As college admissions to the most selective schools has gotten more competitive, too many future applicants are afraid to experience, or to admit, failure. But there is such a thing as a good failure.
If you try out for the varsity soccer team and get cut, it’s not fun. But that doesn’t mean it's a bad failure. Maybe you use that free time to do something else you’re excited about? Maybe you use getting cut as motivation to come back even stronger next year? Maybe you find a way to be a part of the team anyway by being the team manager, or taking photos of the games, or running the fundraiser? Any of those scenarios turns that failure into something good.

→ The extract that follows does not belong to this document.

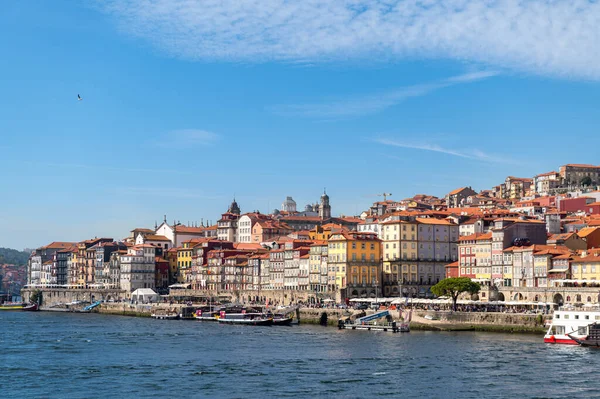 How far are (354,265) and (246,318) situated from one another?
Answer: 1821 cm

Most successful students—and adults—have experienced failure. If you put yourself out there enough times to go after things that aren’t easy to achieve, you’re going to fail every now and then. There’s no shame in it. It may be a big fat cliché with cheese, but the real failure is never trying.
One of our most successful applicants at Collegewise wrote her essay about how she had lost every election she had every run in…badly. But she used each of those opportunities to find activities that were even better suited to her. And she ended up at Notre Dame.
Sure, not all failures are good. I’m not suggesting that you should blow off studying for your biology midterm just so you can experience failure.
But if you have a good failure, don’t be ashamed about it. And don’t be afraid to share it with colleges (especially if they ask you about a failure and what you learned from it). It takes a mature, confident person to admit defeat and to move on positively.
Colleges don’t expect you to be perfect. And in fact, most will be impressed by good failures.